Nella serata del 22 maggio, mentre Juan Musso festeggiava la vittoria in Europa League dell’Atalanta a Dublino, due ladri hanno tentato di entrare nella sua villa nel quartiere Finardi. Armati di piede di porco, hanno fatto scattare l’allarme volumetrico collegato con l’istituto di vigilanza Fidelitas. Grazie a un sofisticato sistema di videosorveglianza, le guardie giurate hanno individuato immediatamente la minaccia e hanno allertato le forze dell’ordine, costringendo i ladri alla fuga. Musso aveva acquistato la villa nel 2022, dotata di piscina, sauna e palestra, situata in una zona di pregio vicino al Gewiss Stadium. Mentre la famiglia del portiere festeggiava, gli agenti della Squadra Mobile della questura raccoglievano testimonianze dei vicini che avevano visto i due malviventi scappare.

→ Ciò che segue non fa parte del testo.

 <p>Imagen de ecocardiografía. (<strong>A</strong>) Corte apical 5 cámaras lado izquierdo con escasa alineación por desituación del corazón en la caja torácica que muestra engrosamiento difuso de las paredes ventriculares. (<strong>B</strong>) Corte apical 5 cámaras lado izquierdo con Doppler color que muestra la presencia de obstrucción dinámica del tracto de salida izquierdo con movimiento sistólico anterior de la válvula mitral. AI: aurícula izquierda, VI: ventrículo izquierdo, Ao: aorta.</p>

Precedenti furti ai calciatori dell’Atalanta
Questo tentato furto è solo l’ultimo di una serie di episodi simili che hanno coinvolto i giocatori dell’Atalanta. A marzo, il capitano Rafael Toloi era stato derubato mentre giocava contro il Bologna, con i ladri che avevano portato via gioielli e orologi dalla sua casa nel quartiere di Santa Lucia. Altri furti hanno colpito Jérémie Boga a Dalmine, Luis Muriel a Brembate Sopra, Gianluca Scamacca in centro a Bergamo e Merih Demiral a Torre de’ Roveri. Le indagini proseguono per identificare i ladri, probabilmente membri di una banda specializzata in furti ai danni dei calciatori.